Fig. 4. RSR. (a) RSR used in 16-point FFT architecture. (b) RSR used in 64-point FFT architecture. (c) RSR used in $N$-point FFT architecture.

## III. SIMULATION RESULTS



International Journal of Research
Available at https://edupediapublications.org/journals
Volume 04 Issue-17
December 2017


## V. CONCLUSION

This transient has given a unique FFT processor whose outputs area unit generated within the world. The projected method will process 2 freelance information streams at the same time and makes it appropriate for several high-speed periods of time applications.

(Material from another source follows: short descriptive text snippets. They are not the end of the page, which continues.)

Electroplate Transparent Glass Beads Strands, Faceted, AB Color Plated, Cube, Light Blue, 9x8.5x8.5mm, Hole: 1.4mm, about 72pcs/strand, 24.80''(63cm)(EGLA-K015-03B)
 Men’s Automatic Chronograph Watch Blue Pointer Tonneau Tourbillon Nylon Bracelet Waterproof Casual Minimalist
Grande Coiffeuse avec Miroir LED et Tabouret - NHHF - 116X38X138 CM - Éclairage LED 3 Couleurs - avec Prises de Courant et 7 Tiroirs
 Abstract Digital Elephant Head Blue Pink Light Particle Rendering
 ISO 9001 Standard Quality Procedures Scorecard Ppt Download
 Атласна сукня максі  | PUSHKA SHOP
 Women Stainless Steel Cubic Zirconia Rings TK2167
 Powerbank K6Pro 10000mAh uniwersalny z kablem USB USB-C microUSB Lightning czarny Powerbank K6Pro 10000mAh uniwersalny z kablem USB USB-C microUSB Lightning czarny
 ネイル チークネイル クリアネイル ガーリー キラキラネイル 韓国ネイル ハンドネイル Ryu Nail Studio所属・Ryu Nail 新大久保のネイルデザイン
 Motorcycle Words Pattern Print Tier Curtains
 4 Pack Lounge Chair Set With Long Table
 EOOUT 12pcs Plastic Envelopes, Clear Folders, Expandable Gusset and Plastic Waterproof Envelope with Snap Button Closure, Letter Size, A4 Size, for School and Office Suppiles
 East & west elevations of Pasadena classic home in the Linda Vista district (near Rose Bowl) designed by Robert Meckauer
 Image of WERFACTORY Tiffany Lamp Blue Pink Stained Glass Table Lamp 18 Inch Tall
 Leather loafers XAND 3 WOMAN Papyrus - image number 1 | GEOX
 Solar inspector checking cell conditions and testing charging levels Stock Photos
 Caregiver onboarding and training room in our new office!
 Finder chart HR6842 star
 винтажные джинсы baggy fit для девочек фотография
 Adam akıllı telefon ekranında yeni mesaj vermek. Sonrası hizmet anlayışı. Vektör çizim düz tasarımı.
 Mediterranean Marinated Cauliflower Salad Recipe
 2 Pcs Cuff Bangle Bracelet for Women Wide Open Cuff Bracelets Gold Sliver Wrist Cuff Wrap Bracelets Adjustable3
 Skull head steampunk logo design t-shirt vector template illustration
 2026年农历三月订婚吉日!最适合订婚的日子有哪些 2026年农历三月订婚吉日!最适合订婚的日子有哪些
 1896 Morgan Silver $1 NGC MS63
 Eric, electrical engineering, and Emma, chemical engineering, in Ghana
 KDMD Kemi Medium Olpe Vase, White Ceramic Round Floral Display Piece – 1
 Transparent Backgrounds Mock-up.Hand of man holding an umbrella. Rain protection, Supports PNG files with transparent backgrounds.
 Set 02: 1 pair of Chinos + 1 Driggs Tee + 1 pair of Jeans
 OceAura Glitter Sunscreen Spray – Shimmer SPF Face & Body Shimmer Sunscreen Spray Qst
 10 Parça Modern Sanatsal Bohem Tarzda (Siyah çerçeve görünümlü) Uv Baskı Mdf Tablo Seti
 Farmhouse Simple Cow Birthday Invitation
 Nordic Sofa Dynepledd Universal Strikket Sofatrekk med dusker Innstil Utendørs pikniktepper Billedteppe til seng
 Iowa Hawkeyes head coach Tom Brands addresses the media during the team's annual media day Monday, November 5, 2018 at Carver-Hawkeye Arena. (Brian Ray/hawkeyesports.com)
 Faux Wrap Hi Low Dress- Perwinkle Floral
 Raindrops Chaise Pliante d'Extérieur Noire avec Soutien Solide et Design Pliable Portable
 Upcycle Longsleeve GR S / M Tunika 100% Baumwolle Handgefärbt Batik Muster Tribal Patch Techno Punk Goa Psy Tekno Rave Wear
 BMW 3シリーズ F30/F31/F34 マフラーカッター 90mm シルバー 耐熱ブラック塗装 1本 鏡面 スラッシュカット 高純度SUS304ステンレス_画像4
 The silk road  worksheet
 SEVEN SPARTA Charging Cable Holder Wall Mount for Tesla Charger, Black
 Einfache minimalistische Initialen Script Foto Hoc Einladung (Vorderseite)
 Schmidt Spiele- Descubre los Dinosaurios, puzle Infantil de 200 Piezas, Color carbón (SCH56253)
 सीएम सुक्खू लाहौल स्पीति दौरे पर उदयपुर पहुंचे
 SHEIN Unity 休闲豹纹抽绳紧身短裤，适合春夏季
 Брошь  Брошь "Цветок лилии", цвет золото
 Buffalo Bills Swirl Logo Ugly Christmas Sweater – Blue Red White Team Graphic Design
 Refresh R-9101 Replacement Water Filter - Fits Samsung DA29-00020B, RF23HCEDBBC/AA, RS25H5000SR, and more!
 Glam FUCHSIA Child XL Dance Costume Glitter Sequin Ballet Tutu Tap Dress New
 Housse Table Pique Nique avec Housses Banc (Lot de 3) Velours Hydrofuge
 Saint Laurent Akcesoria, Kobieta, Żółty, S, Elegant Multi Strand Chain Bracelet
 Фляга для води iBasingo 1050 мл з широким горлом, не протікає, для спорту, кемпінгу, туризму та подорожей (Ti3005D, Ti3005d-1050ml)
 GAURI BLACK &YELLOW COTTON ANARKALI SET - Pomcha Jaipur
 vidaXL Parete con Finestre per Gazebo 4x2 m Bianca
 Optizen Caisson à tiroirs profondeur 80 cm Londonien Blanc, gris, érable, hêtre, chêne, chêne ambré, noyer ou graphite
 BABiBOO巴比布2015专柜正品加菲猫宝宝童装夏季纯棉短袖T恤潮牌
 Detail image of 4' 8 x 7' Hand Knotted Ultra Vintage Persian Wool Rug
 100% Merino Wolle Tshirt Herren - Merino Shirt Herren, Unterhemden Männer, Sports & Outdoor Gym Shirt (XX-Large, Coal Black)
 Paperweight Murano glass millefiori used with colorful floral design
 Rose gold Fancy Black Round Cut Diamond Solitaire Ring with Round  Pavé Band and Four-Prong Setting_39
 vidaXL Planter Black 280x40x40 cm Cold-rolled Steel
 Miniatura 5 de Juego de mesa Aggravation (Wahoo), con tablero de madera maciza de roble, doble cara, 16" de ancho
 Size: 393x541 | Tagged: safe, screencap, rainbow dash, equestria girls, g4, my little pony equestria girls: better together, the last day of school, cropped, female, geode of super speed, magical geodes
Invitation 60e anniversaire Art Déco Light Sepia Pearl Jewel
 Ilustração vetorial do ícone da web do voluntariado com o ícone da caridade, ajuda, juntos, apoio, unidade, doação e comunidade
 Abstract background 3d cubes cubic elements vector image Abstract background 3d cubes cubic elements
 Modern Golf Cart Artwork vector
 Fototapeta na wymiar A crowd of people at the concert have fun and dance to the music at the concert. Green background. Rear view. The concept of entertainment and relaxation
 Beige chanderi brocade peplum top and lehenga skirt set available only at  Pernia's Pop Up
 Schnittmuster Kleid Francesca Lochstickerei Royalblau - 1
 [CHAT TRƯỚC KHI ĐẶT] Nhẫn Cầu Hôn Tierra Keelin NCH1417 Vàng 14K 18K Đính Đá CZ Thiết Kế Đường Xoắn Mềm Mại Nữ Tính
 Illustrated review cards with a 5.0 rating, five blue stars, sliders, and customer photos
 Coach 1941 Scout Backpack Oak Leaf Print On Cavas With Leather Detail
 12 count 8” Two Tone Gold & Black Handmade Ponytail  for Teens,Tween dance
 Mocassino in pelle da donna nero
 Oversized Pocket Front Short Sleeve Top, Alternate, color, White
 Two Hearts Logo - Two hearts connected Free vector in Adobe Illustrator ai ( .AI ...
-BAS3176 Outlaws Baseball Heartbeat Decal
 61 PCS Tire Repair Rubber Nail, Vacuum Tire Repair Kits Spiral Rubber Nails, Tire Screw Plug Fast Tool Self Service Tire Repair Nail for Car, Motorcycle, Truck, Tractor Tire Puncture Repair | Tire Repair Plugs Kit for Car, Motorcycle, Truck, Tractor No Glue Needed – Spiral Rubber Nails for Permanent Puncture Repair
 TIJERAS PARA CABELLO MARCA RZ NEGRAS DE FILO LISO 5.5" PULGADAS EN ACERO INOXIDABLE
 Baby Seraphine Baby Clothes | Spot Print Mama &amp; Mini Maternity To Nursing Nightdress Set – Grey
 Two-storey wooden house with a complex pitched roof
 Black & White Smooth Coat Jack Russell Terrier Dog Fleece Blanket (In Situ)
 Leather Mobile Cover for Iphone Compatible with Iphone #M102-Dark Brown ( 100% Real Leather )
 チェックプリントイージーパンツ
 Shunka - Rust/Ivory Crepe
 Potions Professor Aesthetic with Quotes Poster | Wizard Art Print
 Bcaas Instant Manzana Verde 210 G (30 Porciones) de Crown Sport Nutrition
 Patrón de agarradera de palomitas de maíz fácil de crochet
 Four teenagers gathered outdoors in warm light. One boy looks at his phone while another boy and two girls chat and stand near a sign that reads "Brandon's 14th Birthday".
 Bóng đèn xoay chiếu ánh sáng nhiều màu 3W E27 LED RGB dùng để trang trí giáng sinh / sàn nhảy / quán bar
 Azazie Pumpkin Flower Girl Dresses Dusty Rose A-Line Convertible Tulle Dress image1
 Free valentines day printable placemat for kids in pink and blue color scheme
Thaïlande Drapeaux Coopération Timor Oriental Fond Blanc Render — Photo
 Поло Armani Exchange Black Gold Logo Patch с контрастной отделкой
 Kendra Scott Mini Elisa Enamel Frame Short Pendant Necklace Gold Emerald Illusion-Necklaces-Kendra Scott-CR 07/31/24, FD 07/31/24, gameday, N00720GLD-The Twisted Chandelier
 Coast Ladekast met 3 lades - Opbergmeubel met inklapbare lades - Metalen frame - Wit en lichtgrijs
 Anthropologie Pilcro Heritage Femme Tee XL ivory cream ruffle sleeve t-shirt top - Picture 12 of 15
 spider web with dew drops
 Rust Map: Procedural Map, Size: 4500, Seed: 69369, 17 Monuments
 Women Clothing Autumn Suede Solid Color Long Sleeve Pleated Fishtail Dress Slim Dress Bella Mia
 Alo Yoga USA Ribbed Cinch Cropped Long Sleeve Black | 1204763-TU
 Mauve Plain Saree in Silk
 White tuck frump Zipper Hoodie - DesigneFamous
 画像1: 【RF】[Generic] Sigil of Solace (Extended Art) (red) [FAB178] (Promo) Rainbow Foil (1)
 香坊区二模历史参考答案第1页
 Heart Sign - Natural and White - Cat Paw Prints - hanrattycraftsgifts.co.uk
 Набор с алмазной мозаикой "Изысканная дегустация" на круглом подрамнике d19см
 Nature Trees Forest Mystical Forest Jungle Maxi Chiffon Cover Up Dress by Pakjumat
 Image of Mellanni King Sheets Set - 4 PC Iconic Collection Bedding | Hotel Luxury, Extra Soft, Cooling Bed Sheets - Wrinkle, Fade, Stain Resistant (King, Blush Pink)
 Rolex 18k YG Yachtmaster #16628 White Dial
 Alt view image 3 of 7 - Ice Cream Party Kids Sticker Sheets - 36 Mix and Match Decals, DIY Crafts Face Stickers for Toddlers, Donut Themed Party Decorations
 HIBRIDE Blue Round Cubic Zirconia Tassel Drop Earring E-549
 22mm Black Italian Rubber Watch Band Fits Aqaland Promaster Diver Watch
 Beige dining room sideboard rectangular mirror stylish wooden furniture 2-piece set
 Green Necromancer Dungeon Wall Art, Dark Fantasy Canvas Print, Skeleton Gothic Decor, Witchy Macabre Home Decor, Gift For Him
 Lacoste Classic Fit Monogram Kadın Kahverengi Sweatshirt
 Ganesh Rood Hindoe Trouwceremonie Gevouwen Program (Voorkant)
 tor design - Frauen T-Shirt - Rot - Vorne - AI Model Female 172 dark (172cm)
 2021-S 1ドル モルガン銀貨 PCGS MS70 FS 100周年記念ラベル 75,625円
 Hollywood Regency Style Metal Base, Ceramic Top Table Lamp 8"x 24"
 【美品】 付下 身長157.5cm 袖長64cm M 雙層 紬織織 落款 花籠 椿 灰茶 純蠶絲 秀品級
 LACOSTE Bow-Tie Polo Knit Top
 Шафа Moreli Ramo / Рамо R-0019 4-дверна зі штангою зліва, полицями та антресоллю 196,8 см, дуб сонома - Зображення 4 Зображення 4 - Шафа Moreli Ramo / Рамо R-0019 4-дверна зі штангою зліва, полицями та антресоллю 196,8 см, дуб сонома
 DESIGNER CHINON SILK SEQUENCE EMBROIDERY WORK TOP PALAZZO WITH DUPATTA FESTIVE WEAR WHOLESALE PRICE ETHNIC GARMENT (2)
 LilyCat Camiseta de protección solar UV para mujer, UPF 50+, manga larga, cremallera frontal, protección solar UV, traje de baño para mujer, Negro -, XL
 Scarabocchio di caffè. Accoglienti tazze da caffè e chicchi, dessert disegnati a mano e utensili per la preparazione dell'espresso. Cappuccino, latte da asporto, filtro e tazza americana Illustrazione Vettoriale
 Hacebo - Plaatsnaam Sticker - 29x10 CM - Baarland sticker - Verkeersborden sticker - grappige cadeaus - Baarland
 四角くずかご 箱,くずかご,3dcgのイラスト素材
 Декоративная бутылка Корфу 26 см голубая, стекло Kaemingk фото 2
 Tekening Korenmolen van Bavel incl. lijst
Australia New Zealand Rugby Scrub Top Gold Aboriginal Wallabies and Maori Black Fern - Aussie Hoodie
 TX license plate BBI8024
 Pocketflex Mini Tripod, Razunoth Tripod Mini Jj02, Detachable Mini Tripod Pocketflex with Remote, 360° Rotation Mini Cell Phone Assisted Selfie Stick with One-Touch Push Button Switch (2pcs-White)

The bit reversal circuit gift in previous styles is eliminated by integration 2 FFT processors and also the registers, that area unit gift within the design area unit reused for bit reversal. As a result, the necessity of extra registers to bit reverse the outputs is avoided. Moreover, the projected design provides outturn on top of the previous architectures. These attributes create the projected FFT processor superior in sense of hardware quality and performance.

## REFERENCES

[1] Y. Chen, Y.-W. Lin, Y.-C. Tsao, and C.-Y. Lee, "A 2.4-Gsample/s DVFS FFT processor for MIMO OFDM communication systems," IEEE J. Solid-State Circuits, vol. 43, no. 5, pp. 1260-1273,May 2008.
[2] S.-N. Tang, C.-H. Liao, and T.-Y. Chang, "An areaand energy-efficient multimode FFT processor for WPAN/WLAN/WMAN systems," IEEE J. SolidState Circuits, vol. 47, no. 6, pp. 1419-1435,Jul. 2012.
[3] P. P. Boopal, M. Garrido, and O. Gustafsson, "A reconfigurable FFT architecture for variable-length and multi-streaming OFDM standards," in Proc. IEEE ISCAS, May 2013, pp. 2066-2070.
[4] K.-J. Yang, S.-H. Tsai, and G. C. H. Chuang, "MDC FFT/IFFT processor with variable length for MIMOOFDM systems," IEEE Trans.Very Large Scale

Integr. (VLSI) Syst., vol. 21, no. 4, pp. 720-731,Apr. 2013.
[5] Y.-N. Chang, "An efficient VLSI architecture for normal I/O order pipeline FFT design," IEEE Trans. Circuits Syst. II, Exp. Briefs, vol. 55, no. 12, pp. 1234-1238, Dec. 2008.
[6] [7] M. Ayinala, M. Brown, and K. K. Parhi, "Pipelined parallel FFT architectures via folding transformation," IEEE Trans. VeryLarge Scale Integr. (VLSI) Syst., vol. 20, no. 6, pp. 1068-1081,Jun. 2012.
[7] M. Garrido, J. Grajal, and O. Gustafsson, "Optimum circuits for bit reversal," IEEE Trans. Circuits Syst. II, Exp. Briefs, vol. 58, no. 10, pp. 657-661, Oct. 2011.
[8] S.-G. Chen, S.-J. Huang, M. Garrido, and S.-J. Jou, "Continuous-flow parallel bit-reversal circuit for MDF and MDC FFT architectures," IEEETrans. Circuits Syst. I, Reg. Papers, vol. 61, no. 10, pp. 2869-2877,Oct. 2014.
[9] M. Garrido, J. Grajal, M. A. Sanchez, and O. Gustafsson, "Pipelined radix- $2^{k}$ feedforward FFT architectures," IEEE Trans. Very Large ScaleIntegr. (VLSI) Syst., vol. 21, no. 1, pp. 23-32, Jan. 2013.